◆ THE RECORDS:

*-*-*

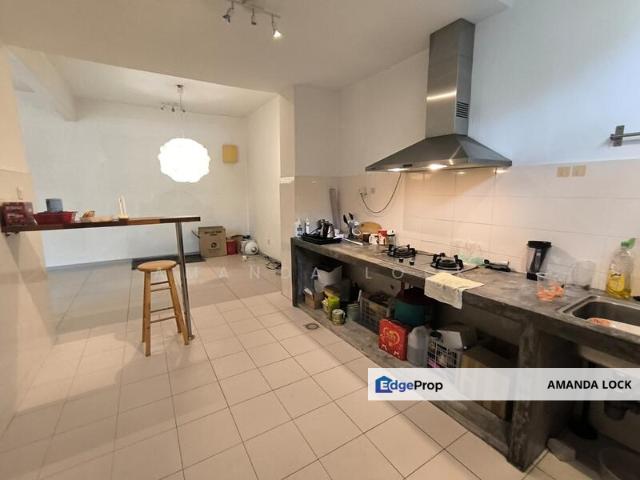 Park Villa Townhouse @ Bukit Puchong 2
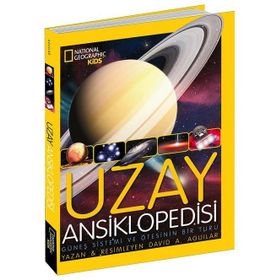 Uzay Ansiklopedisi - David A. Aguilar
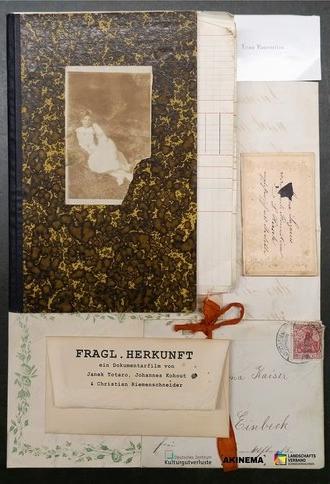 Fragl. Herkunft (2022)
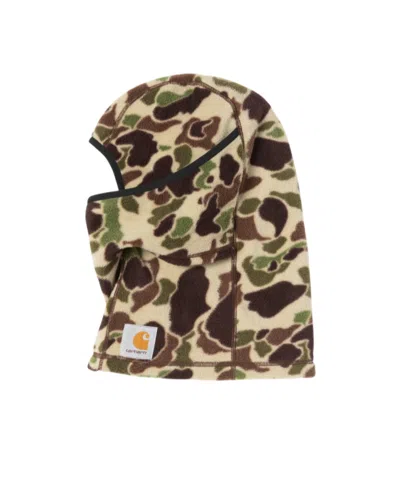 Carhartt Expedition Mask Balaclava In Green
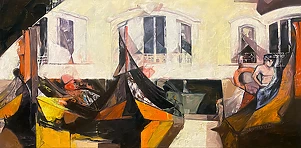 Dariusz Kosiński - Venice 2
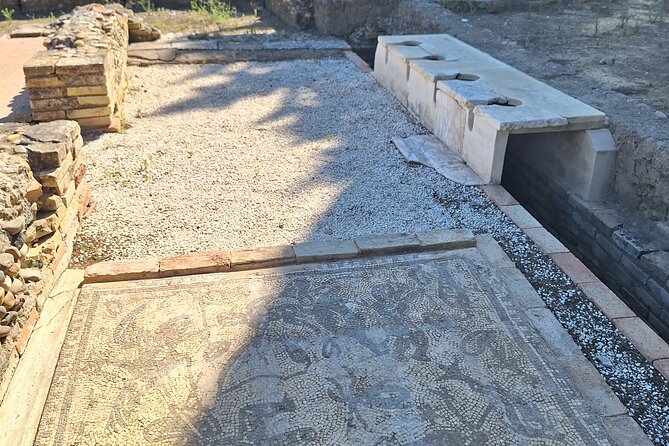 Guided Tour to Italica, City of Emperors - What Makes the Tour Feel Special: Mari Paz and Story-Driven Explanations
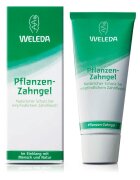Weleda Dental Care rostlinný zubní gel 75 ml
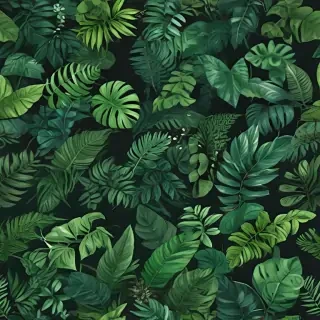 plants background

*-*-*

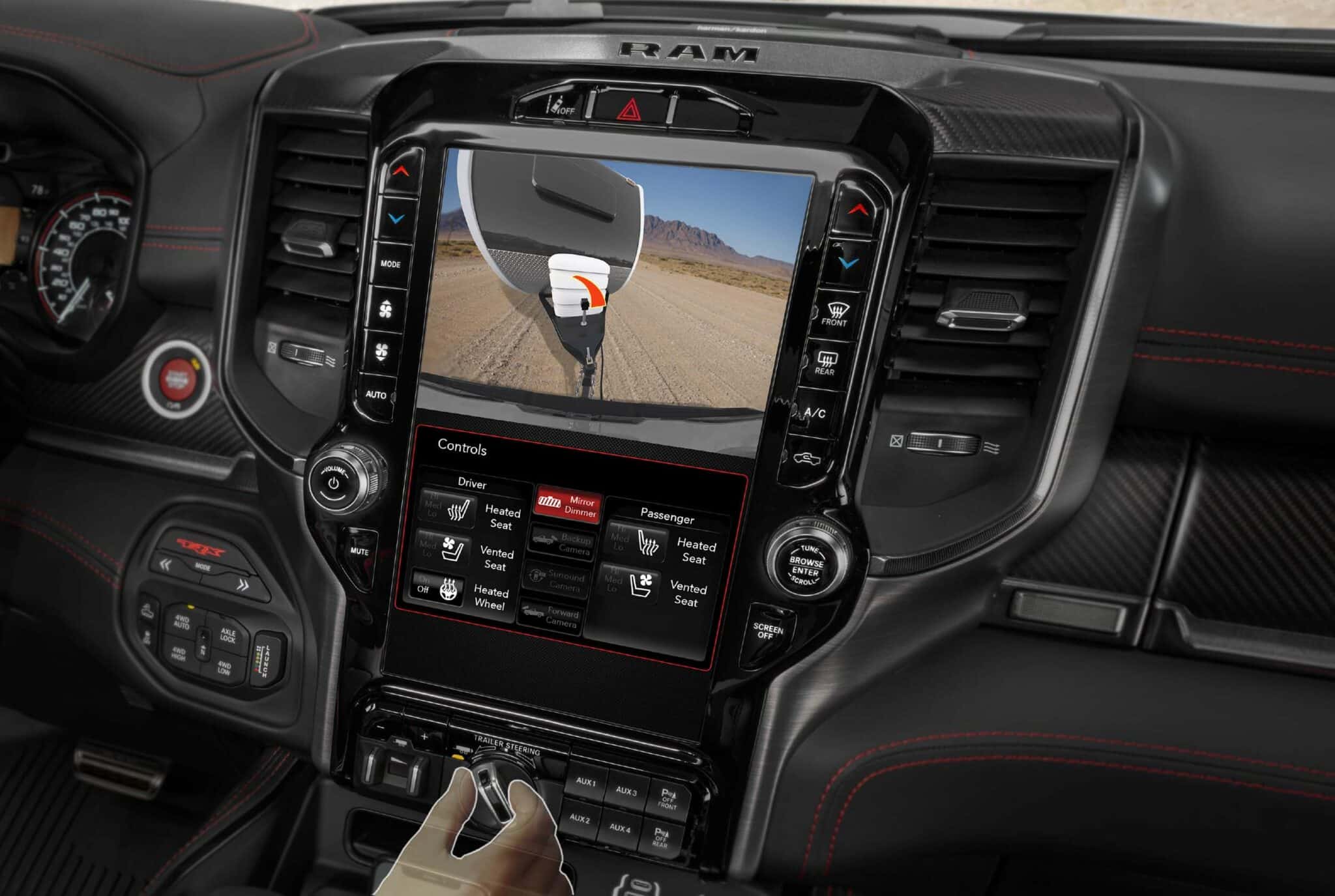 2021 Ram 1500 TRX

*-*-*

◆ ACTIVITY: Here the job is to copy the listing above word for word, starting at the line with "Park Villa Townhouse @ Bukit Puchong 2" and ending at the line with "plants background", and to leave out the pictures.

◆ TASK OUTPUT:
 Park Villa Townhouse @ Bukit Puchong 2
 Uzay Ansiklopedisi - David A. Aguilar
 Fragl. Herkunft (2022)
 Carhartt Expedition Mask Balaclava In Green
 Dariusz Kosiński - Venice 2
 Guided Tour to Italica, City of Emperors - What Makes the Tour Feel Special: Mari Paz and Story-Driven Explanations
Weleda Dental Care rostlinný zubní gel 75 ml
 plants background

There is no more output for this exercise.